Zは「在来」の頭文字。そして、最後にして最高のものを表すアルファベットです。
在来作物とは、それぞれの土地の気候風土の中で育まれ、何十年、何百年もの時代を超えて伝承されてきた昔ながらの作物をいいます。品種改良された現代の品種に比べると栽培も難しく収量も多くありませんし、味も洗練されていません。しかし、現代の野菜が失ってしまった甘味や旨味、辛味などを持ち、味が深く濃いのが特徴です。エリートにはない魅力をもつ個性派ぞろい...それが在来作物です。
今や個性の時代。なつかしくも新しい在来作物の味は、まさに周回遅れのトップランナーと言って良いでしょう。
ただ残念なことに、在来作物のほとんどは失われつつあります。山村や農家の庭先で、ひっそりと作り続けられ、ときには人知れず消えてゆく。そんな幻の存在も多いのです。
また、在来作物だけでなく、自然の中で生きるための伝承技術や、世代を超えて伝えられてきた伝統料理も忘れられつつあります。
このプロジェクトでは、ふるさと静岡の風土と歴史の中で守り続けられてきた幻の在来作物や、伝統技術、伝統料理に光を当てて、広くその価値を再発見してみたいと思います。
会の活動としては、季節ごとに静岡県内各地の農山村や飲食店を訪ねて、「在来の味」を楽しみます。なつかしくも新しい「在来の味」をいっしょに楽しんでみませんか?
プロジェクトZ 設立主旨(代表 稲垣栄洋)
「何なんだ、この美味しさは!!」
ある山村でお昼ご飯をいただいたときの感動と驚きが、この活動を始める原動力となりました。地元の野菜や作物で作られた品々、今まで味わったことのないようなおいしさだったのです。それが、昔から伝わる在来野菜で作られた料理でした。
ごちそうがあふれている現代。美味しいものはさんざん食べているはずだったのに、山村で食べた料理は、今まで味わったこともないようなものでした。
こんな美味しいものを食べているなんてずるいなぁ、というのが率直な感想だったのです。さっそく在来野菜を静岡の飲食店に持ち込んで、料理を創作してもらうと、独特の深い味わいを持った食材は、料理人の手によって、食べたことのないような逸品に仕上がりました。この感動もまた忘れられません。
飽食の現代が忘れ去ってきた豊かさがある。それがその料理を食べたときに一番感じたことでした。

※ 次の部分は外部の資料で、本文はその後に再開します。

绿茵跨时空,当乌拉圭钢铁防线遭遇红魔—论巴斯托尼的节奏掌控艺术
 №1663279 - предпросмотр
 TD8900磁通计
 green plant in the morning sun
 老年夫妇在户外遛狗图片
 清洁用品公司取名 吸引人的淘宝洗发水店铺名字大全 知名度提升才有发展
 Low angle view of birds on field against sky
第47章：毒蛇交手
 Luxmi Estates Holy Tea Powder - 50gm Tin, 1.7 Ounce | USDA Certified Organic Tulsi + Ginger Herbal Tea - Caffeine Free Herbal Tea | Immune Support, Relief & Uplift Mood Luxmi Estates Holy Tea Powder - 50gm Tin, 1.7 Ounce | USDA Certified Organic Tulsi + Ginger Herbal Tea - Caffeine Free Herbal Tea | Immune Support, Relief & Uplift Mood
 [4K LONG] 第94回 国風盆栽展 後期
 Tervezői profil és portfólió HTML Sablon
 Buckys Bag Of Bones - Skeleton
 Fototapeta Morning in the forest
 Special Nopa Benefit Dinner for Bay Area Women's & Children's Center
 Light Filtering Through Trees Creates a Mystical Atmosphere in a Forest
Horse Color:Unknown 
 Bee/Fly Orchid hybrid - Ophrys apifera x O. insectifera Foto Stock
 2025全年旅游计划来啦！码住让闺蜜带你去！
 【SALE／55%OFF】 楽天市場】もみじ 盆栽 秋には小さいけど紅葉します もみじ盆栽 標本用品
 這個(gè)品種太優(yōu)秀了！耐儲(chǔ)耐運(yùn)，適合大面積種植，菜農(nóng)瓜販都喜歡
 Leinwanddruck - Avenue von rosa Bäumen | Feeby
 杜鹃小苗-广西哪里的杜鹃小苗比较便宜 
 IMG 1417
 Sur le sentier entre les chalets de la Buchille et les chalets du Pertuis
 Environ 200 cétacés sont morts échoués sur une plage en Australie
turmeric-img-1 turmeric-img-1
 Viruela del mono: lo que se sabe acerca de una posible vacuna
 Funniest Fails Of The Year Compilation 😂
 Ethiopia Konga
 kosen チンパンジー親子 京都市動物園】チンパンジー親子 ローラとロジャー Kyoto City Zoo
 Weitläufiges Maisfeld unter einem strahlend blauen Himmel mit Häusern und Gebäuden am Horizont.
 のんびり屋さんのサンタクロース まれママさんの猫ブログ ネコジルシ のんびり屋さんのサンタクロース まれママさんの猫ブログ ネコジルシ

残念ながら、その美味しさと感動は、なかなか説明しにくいものです。たとえようもないのです。それなら、多くの人に食べてもらうのが一番早いのではないか。そうだ、愉しむ会を作ろう。それがこのプロジェクトの始まりでした。
このプロジェクトは、在来作物を題材として、農村を訪ねては「村のごちそう」を味わい、町の飲食店では、新たに創作された「町のごちそう」を楽しんでしまおうという欲張りな活動です。ぜひ気軽にご参加ください。なつかしくも新しい世界があなたを待っているはずです。